Evan,
Please comment out your own mumps parameters and run the code with the
default icnt and ival. Does it still crash? If so, please send us
entire error message. It it common to get memory error in numerical
factorization of mumps. I've rarely seen error occurs in the symbolic
phase.

Hong

On Wed, Aug 27, 2014 at 4:58 PM, Barry Smith <[email protected]> wrote:
>
>    Ok
>
> [11]PETSC ERROR: Caught signal number 15 Terminate: Some process (or the 
> batch system) has told this process to end
>
> This message usually happens because either
>
> 1) the process ran out of memory or
> 2) the process took more time than the batch system allowed
>
> my guess is 1.  I don’t know how MUMPS does its symbolic factorization but my 
> guess is that it may have something in it that is not scalable per node thus 
> causing it to run out of memory. Hong knows more about this and may have 
> advice on how to proceed.
>
> Have you tried superlu_dist on the same problem?
>
>   Barry
>
>
>
>
> On Aug 27, 2014, at 4:52 PM, Evan Um <[email protected]> wrote:
>
>> Dear Barry,
>>
>> Attached is the whole error message file. Thanks for your help.
>>
>> Evan
>>
>>
>> On Wed, Aug 27, 2014 at 2:44 PM, Barry Smith <[email protected]> wrote:
>>
>> > MPI_ABORT was invoked on rank 11 in communicator MPI_COMM_WORLD
>>
>>
>>   Please send ALL the output. In particular since rank 11 seems to have 
>> chocked we need to see all the messages from [11] to see what it thinks has 
>> gone wrong.
>>
>>    Barry
>>
>> On Aug 27, 2014, at 4:27 PM, Evan Um <[email protected]> wrote:
>>
>> > Dear PETSC users,
>> >
>> > I try to solve a large problem (about 9,000,000 unknowns) with large 
>> > number of processes (about 400 processes and 1TB). I guess that this is a 
>> > reasonably large resource for solving this problem because I was able to 
>> > solve the same problem using serial MUMPS with 500GB. Of course, it took 
>> > very long to be computed.
>> > The same code was parallelized with PETSC. However, my code with PETSC 
>> > suddenly crashes after KSPSolve() successfully calls MUMPS as shown below. 

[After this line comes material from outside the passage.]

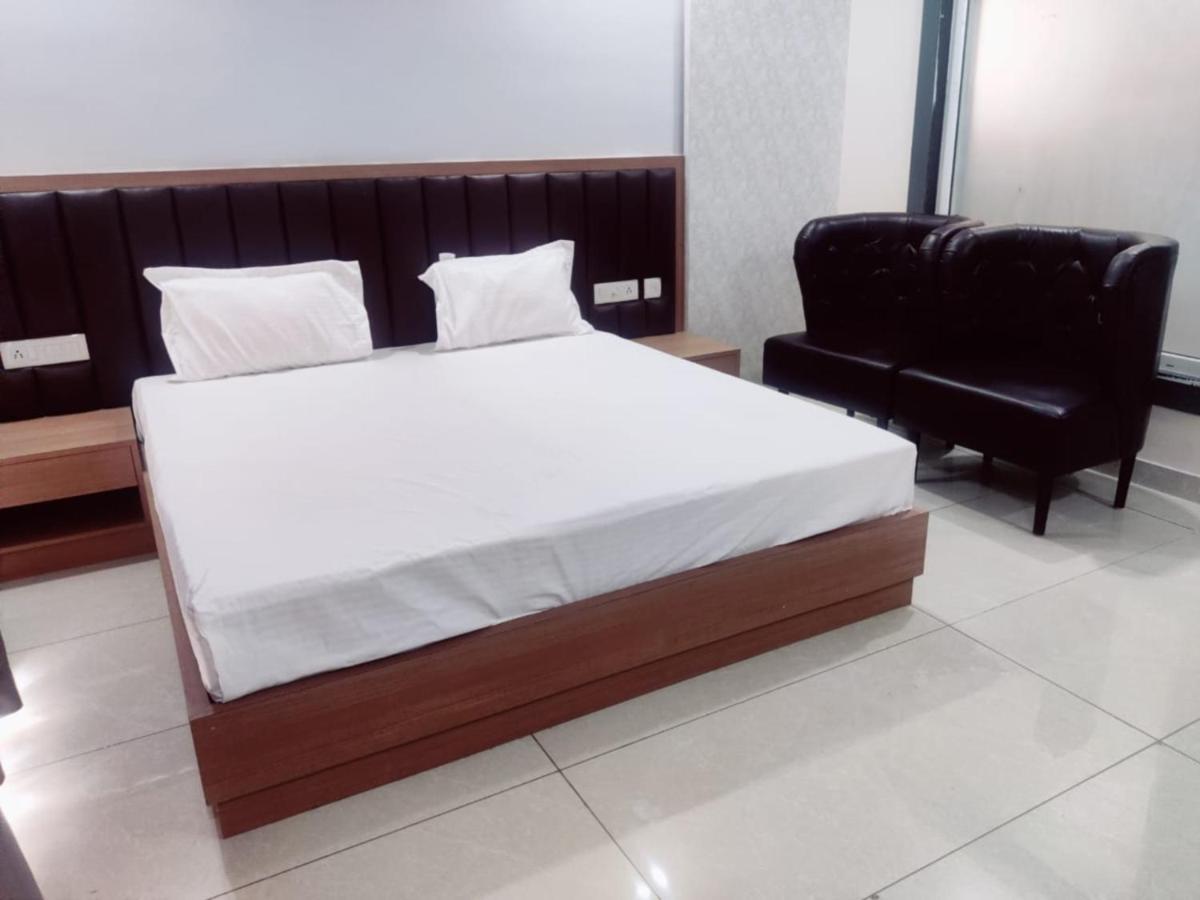 Goroomgo Shree Gajanana Near Sea Hotel Puri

>> > If this problem comes from MUMPS, I expect that MUMPS should produce an 
>> > error report (ICNTL(4)=3), but no error report was not generated. Did 
>> > anyone have such experience with PETSC+MUMPS? I request comments on its 
>> > trouble shooting. In advance, I appreciate your help.
>> >
>> > Regards,
>> > Evan
>> >
>> > Codes:
>> >
>> > KSPCreate(PETSC_COMM_WORLD, &ksp);
>> > KSPSetOperators(ksp, A, A);
>> > KSPSetType (ksp, KSPPREONLY);
>> > KSPGetPC(ksp, &pc);
>> > MatSetOption(A, MAT_SPD, PETSC_TRUE);
>> > PCSetType(pc, PCCHOLESKY);
>> > PCFactorSetMatSolverPackage(pc, MATSOLVERMUMPS);
>> > PCFactorSetUpMatSolverPackage(pc);
>> > PCFactorGetMatrix(pc, &F);
>> > KSPSetType(ksp, KSPCG);
>> > MPI_Barrier(MPI_COMM_WORLD);
>> > icntl=29; ival=2; // ParMetis
>> > MatMumpsSetIcntl(F, icntl, ival);
>> > icntl=4; ival=3; // Errors
>> > MatMumpsSetIcntl(F, icntl, ival);
>> > icntl=23; ival=1500;
>> > MatMumpsSetIcntl(F, icntl, ival);
>> > KSPSolve(ksp,b,x);
>> >
>> >
>> >
>> > Errors:
>> >
>> > Entering DMUMPS driver with JOB, N, NZ =   1     9778426              0
>> >  DMUMPS 4.10.0
>> > L D L^T Solver for symmetric positive definite matrices
>> > Type of parallelism: Working host
>> >  ****** ANALYSIS STEP ********
>> > Using ParMETIS for parallel ordering.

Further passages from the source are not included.